Vitronic aims to improve VRU safety using V2X on German city's real-world 'test' track
Detection, Monitoring & Machine Vision / May 24, 2021
By Ben Spencer
Vitronic Test Track for Automated and Connected Driving K94 junction
Victronic says a camera installed on a light pole will record the flow of traffic (image credit: Vitronic)

Vitronic has installed sensor technology in Hamburg aimed at optimising traffic flow and protecting vulnerable road users (VRUs).

The vision technology firm is using the German city's Test Track for Automated and Connected Driving (TAVF), a network of public roads containing various installations for the use of Infrastructure to Vehicle and Vehicle to Infrastructure communications.

In addition to automated and connected driving functions, it also allows manufacturers and researchers to test ITS applications, safety and assistance systems - all in a real-life traffic environment.

The city is the location of October's ITS World Congress and Vitronic plans to present the results of its work there. 

It is testing the systems at what the company calls a 'danger point', the congested traffic junction K94.
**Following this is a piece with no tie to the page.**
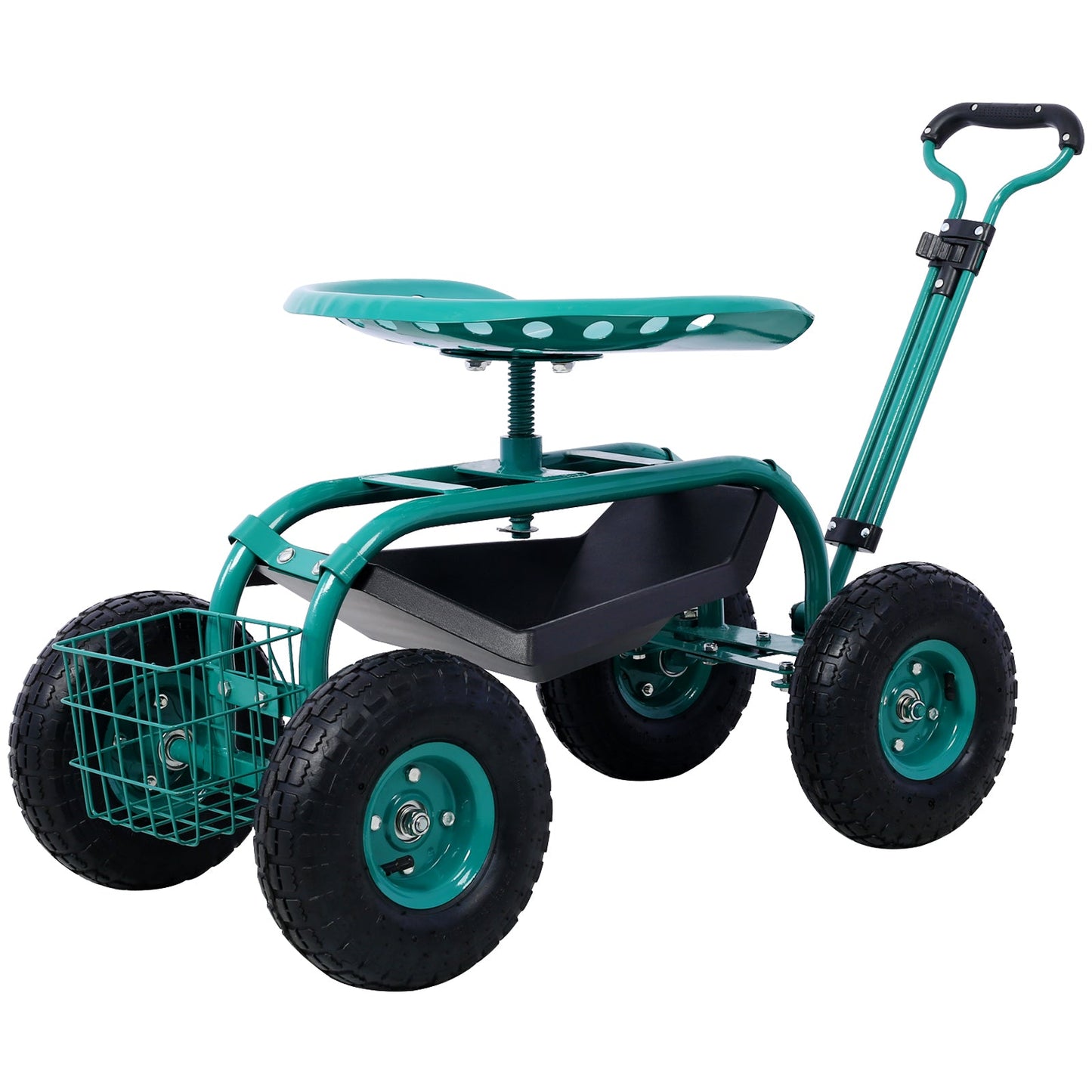 Rolling Garden Scooter Garden Cart Seat with Wheels and Tool Tray, 360 Swivel Seat,Green - 1st Choice Furniture Direct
A video camera was installed on an existing light pole to record the flow of traffic coming from Schröderstiftstraße in the direction of the K94 junction (Rentzelstraße / Schröderstiftstraße / An der Verbindungsbahn).

A second camera was fitted to a pillar located directly at the K94 junction.

Both cameras record the incoming traffic from the direction of Schröderstiftstraße. The real-time data collected is available for further processing by the traffic lights control processes at the K94 junction.

The aim is to optimise traffic light control so that waiting and travel times are reduced for all road users.

For example, green phases could be extended at peak times so that an increased number of cyclists and pedestrians can cross the road safely.

Additionally, Vitronic has installed two additional sensors and a 3D radar to increase traffic safety for VRUs in the area of the K94 junction. 

In the future, collective perception messages (CPM) could be sent to vehicles passing the intersection.

This would be intended to direct the attention of drivers or (semi-) autonomous vehicles to situations detected by the sensor system that are potentially dangerous for VRUs.

Position data of all traffic objects detected by the sensors can be continuously sent via CPM. Currently, the communication between the roadside unit and the on-board unit is being tested and improved.